# Dewalt Edge Guide is a Smooth Slider



## rejo55 (Apr 5, 2012)

Thanks for the post. I have been thinking that I could really use an edge guide, but none of my routers have the holes in the base to install one. Has anyone ever made an auxiliary base plate with holes bored to accept the rods? And if so, how would you go about it?
Have a good'un
Joe


----------



## pintodeluxe (Sep 12, 2010)

Joe, 
I think the base plate would flex too much. Have you looked for a router on the used market? Most routers now have holes machined in the base to accept some sort of edgeguide.


----------



## rejo55 (Apr 5, 2012)

Thanks, Willie. I was thinking about maybe making a base plate out of oak or maple, about 3/8" thick, just the size of the original router base, using longer screws to mount it.
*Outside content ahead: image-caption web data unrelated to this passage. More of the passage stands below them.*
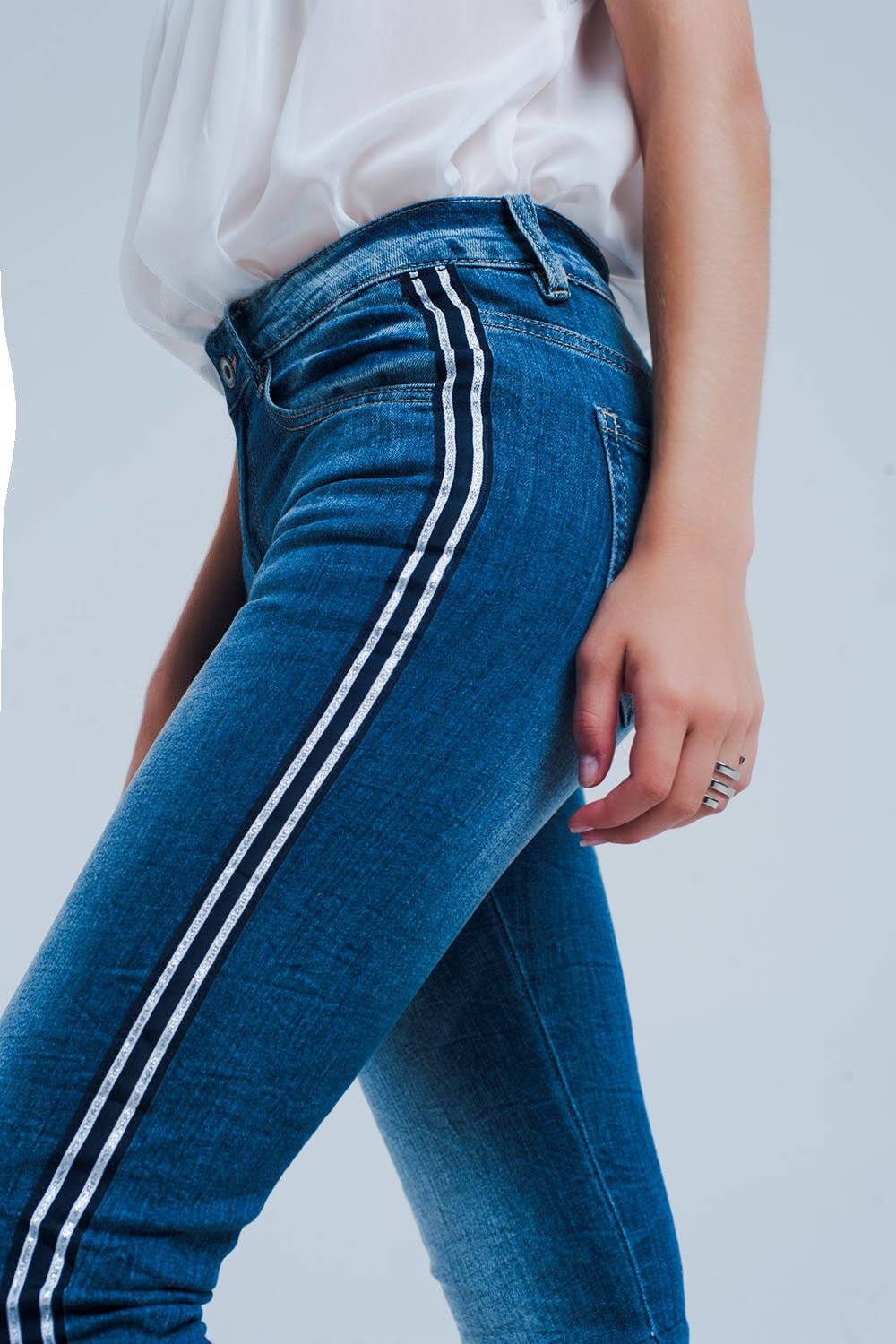 Jean skinny avec bande sur la couture latérale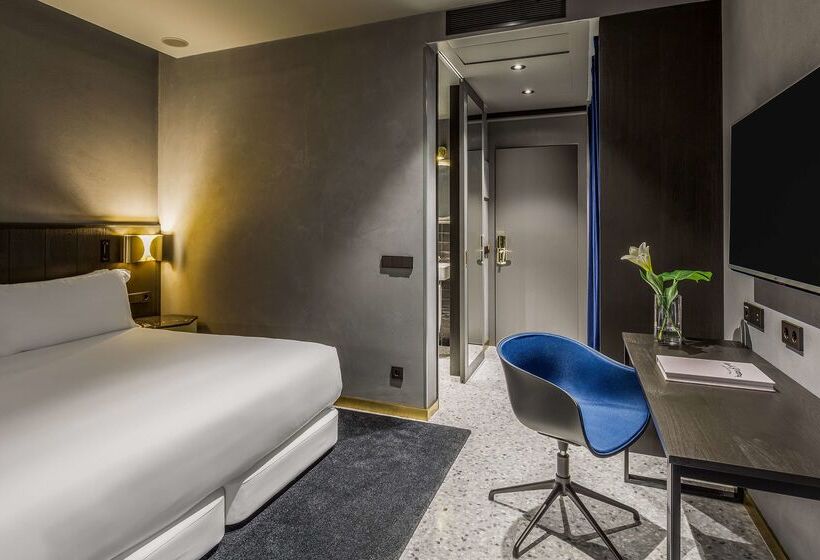 Отель Room Mate Gerard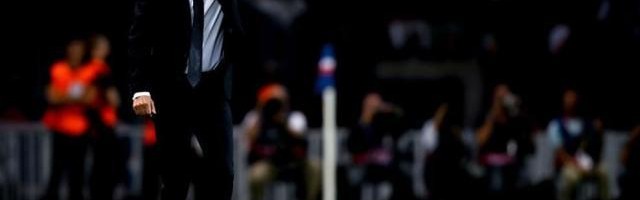 半岛体育官方网站-阿莱格里：尤文错过拿分机会 主场打巴黎会更强大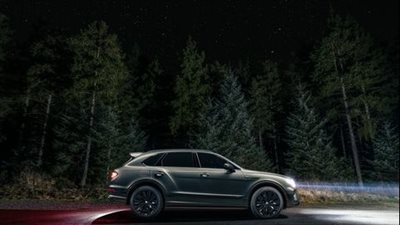 تعرف على تصميم سيارات بنتلي بنتايجا سبيد 2022 الفضائية من الداخل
Most of the work I do is not very deep, so I don't think that the extra thickness of the base plate would hinder me. 
What do you think?
My problem is that I'm strapped for cash now and Miss Honey Ma'am will be tolerable upset if I run out and buy another one. I have five now, including a brand new Bosch-none of which have the edge guide holes.
Have a good'un
Joe


----------



## TurnTurnTurn (Nov 20, 2009)

I use this edge guide with a DW618 and it does work nicely, however I have one problem and that is that the DW618 base has one flat edge, so for example when I am routing a finger hold on the bottom of a cutting board, I have to offset my stop blocks or the finger hold will not be centered on the board. I am not sure why they did not design the base with 2 flats sides versus only one.


----------



## pintodeluxe (Sep 12, 2010)

Dewalt does make a router with two flats sides on the base - the DW621. Many users noted that the smaller base of this design made the router less stable on edge cuts. Otherwise it is a well liked router. 
To me personally, I would much rather have round bases. If you have ever cut breadboard ends with a flat-sided router, you know what I mean. If the router turns at all, it will sour the cut. With a round base, turning the router has no effect. 
Overall, I think they got the 618 right. I just use the round side of the base.


----------



## Deadend (Oct 25, 2017)

Has any figured out what the graduation marks on the adjustment dial indicate? Are they 1000th of an inch or some other fraction. No instructions with mine and on line searches have been fruitless. Even Dewalt couldn't help! All their techs are gone until 1/7/19!
Thank you for your time.


----------



## pintodeluxe (Sep 12, 2010)

I wouldn't worry about the graduations on the microadjust. Just set the bit to your layout lines and you'll get accurate results.


----------